-- DATA EXCERPTS --

· · ·

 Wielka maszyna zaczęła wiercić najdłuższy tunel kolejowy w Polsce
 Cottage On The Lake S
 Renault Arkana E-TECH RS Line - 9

· · ·

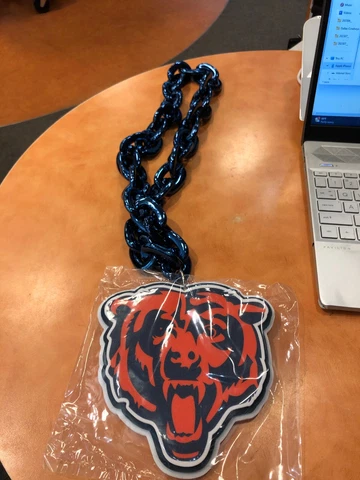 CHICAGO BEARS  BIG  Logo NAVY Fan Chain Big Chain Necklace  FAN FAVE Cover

· · ·

-- YOUR TASK --
From the entries above, extract only the lines running from the one containing "Wielka maszyna zaczęła" through the one containing "Renault Arkana E-TECH RS Line - 9", inclusive.

-- ANSWER BOX --
 Wielka maszyna zaczęła wiercić najdłuższy tunel kolejowy w Polsce
 Cottage On The Lake S
 Renault Arkana E-TECH RS Line - 9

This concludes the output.